Ilustrasi Peringatan Maulid (di copy dari Ihaiyo.com) |
Sudah menjadi ritual tahunan, bahwa setiap tanggal 12 rabi’ul awal dalam penanggalan
hijriyah, akan dilaksanakan peringatan hari kelahiran Nabi Muhammad SAW. Masyarakat
nusantara menyebutnya dengan Maulid, dalam
terminologi Jawa dikenal dengan Muludan,
sedangkan masyarakat Buton (Wakatobi) mengenalnya dengan istilah Maluju atau Maludhu. Secara etimologi, kata maulid berasal dari Bahasa Arab yang
artinya sama dengan milad atau hari
kelahiran. Istilah ini digunakan karena merujuk pada hari lahirnya Nabi
Muhammad SAW. Jika merujuk pada Al-Qur’an dan Al-Hadist, kita tidak akan
menemukan adanya ayat atau hadist yang menjelaskan tentang wajibnya
melaksanakan maulid; demikian pula jika kita sandarkan pada apa yang pernah
dilaksanakan oleh Rasulullah Muhammad SAW semasa berdakwah baik di Mekkah maupun
Madinah serta pada masa kepemimpinan Khulafaur
Rasyidin (Abu Bakar As-Siddiq, Umad bin Khattab, Usman bin Affan, dan Ali
bin Abi Thalib), maka kita juga akan mendapatkan bahwa ritual tersebut tidak
pernah dilaksanakan. Bisa jadi, hal inilah yang menjadi landasan sebagian kalangan
dari kaum muslimin mengatakan bahwa ritual maulid adalah bid’ah (ibadah yang di ada-adakan). Argumentasi ini semakin menguat
karena pada setiap pelaksanaan maulid terdapat sejumlah cerita-cerita mistis (mitos)

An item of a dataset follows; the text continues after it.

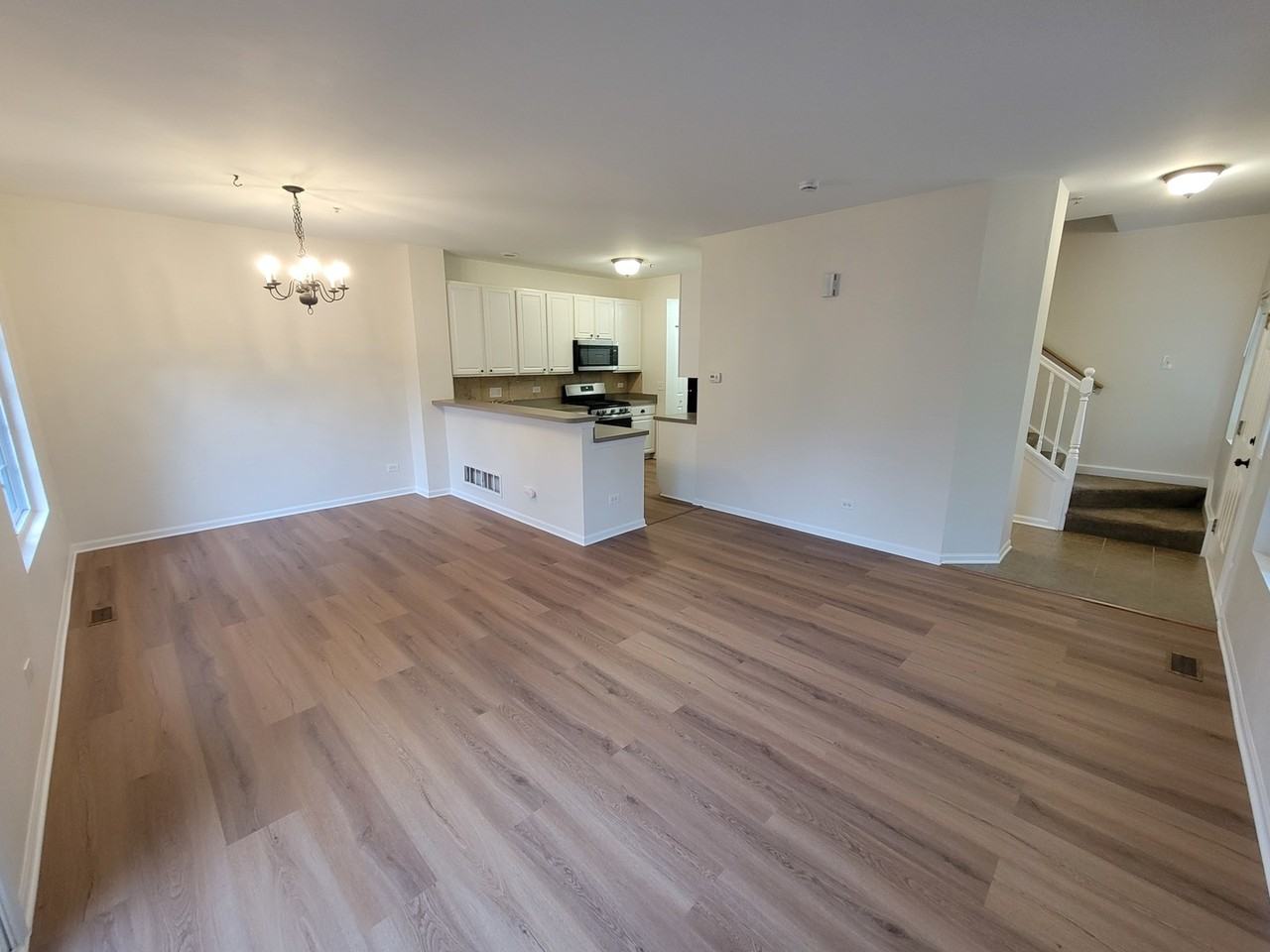 604 Fox Ridge Dr - Photo 4 of 31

yang kemudian ikut mempengaruhi bagaimana ritual maulid dilakukan. Hal ini
misalnya dapat dilihat dari adanya serangkaian ritual serta ragam menu yang ‘wajib’
diadakan. Ada suatu keyakinan bahwa jika sebagian dari seluruh rangkaian ritual
tidak terpenuhi, dan sebagian dari menu wajib itu tidak disajikan maka akan
mengurangi nilai kesakralan ritual maulid.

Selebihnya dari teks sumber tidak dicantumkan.